Paying judges


THE GENERAL Assembly is being pretty tight-fisted about proposed pay raises for state judges. Ignoring recommendations from its own Judicial Compensation Commission, the legislature would give some judges even less than the cost-of-living increase most other state employees are slated to get. With so many other lucrative opportunities for lawyers, the Assembly's proposed action is woefully shortsighted.

Maryland's judges have not had a raise since 2002. Currently, the salaries range from about $112,250 for a District Court or trial judge to about $151,350 for the chief judge of the Court of Appeals. The Judicial Compensation Commission, which was created by the legislature and chaired by former state Sen. Laurence Levitan, recommended graduated salary increases from $15,000 to $30,000 total, phased in over four years.

The commission argued that the increases were feasible because of the state's improving financial condition, and necessary for Maryland to keep pace with nearby states such as Delaware, Pennsylvania and Virginia. In addition, there is concern about attracting more candidates with "diversity and depth of experience," especially candidates from the private sector with firsthand knowledge of business and technology issues.

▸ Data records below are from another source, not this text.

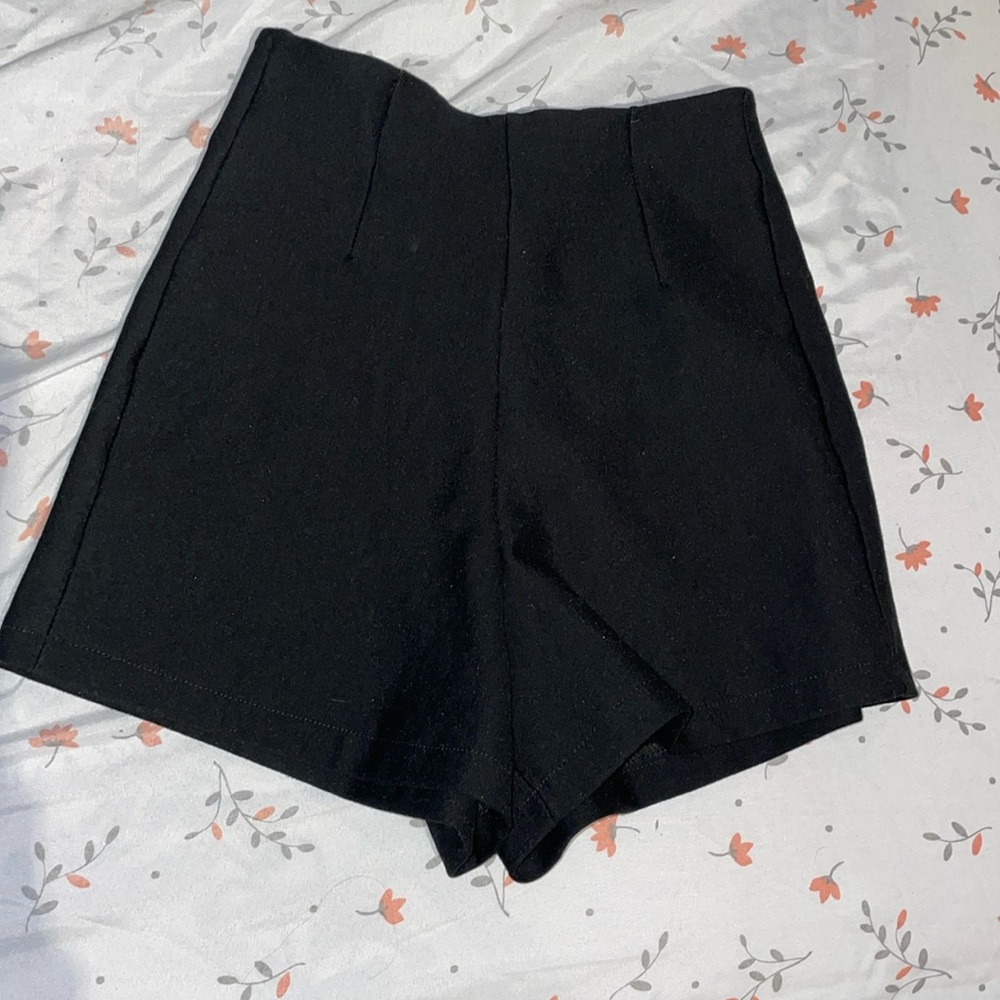Black high waisted short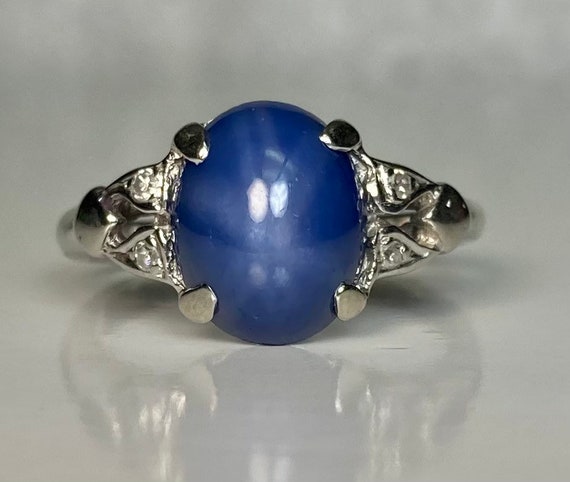 Vintage 14K Yellow Gold Linde Blue Star Sapphire and Diamond Ring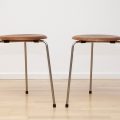 Arne Jacobsen - Dot stool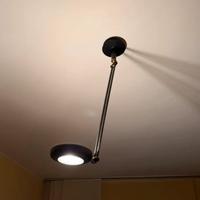 Lampada da soffitto orientabile con braccio regola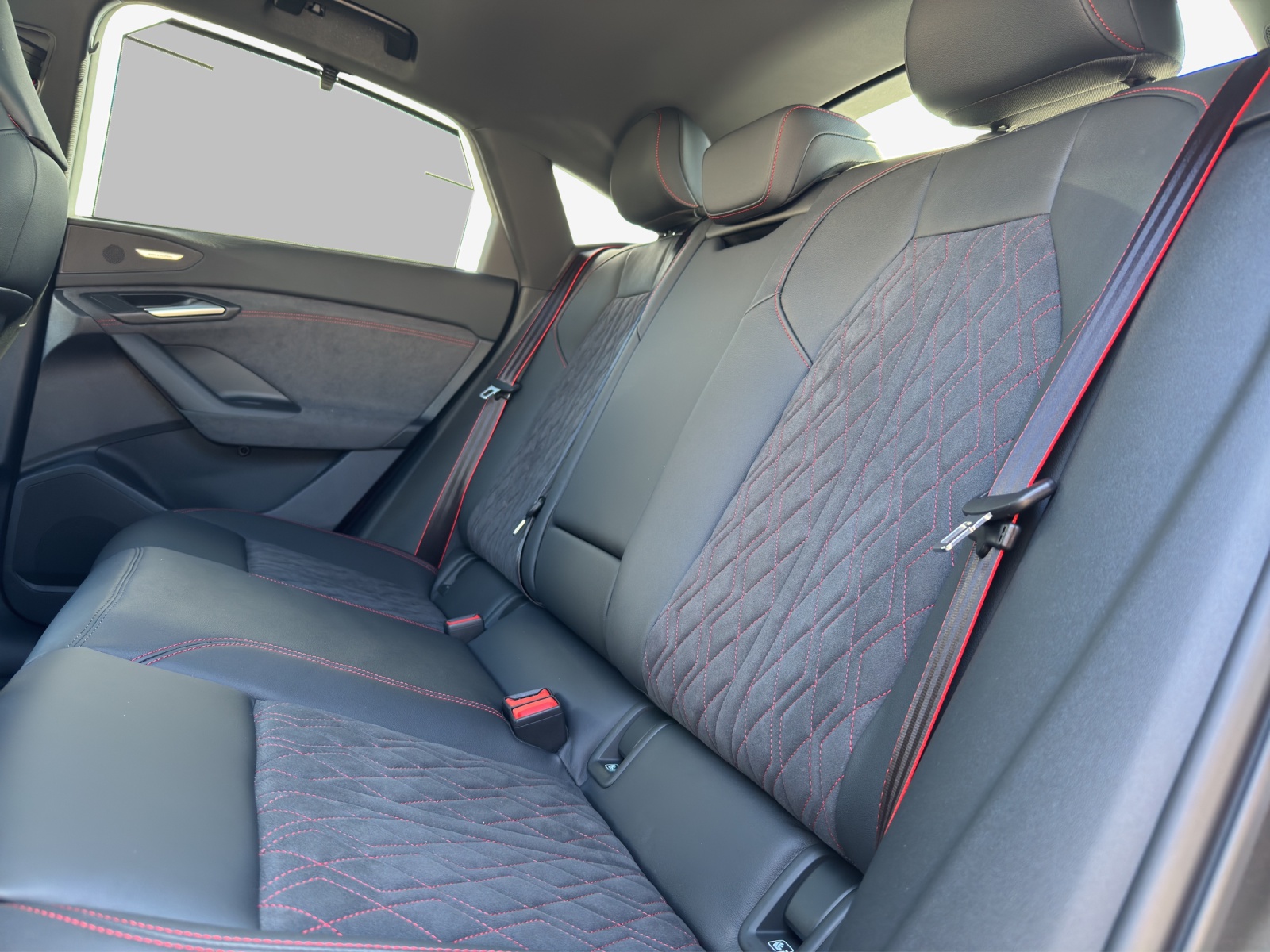 AUDI Q6 Sportback e-tron quattro-image-15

But the House and Senate each offered proposals that would increase salaries over four years by a total of about $1,500 to $7,500. In a strange reversal, both chambers would give appellate judges a smaller salary boost than trial judges, at least initially. That means a Court of Appeals judge could get a maximum $2,500 raise starting in July 2005, or about $500 less than he or she would get from the proposed cost-of-living increase.

Neither chamber has done right by the judges, and the proposed increases seem downright stingy. But even if the legislature cannot meet the commission's recommendations, coming closer to those figures would be far more acceptable.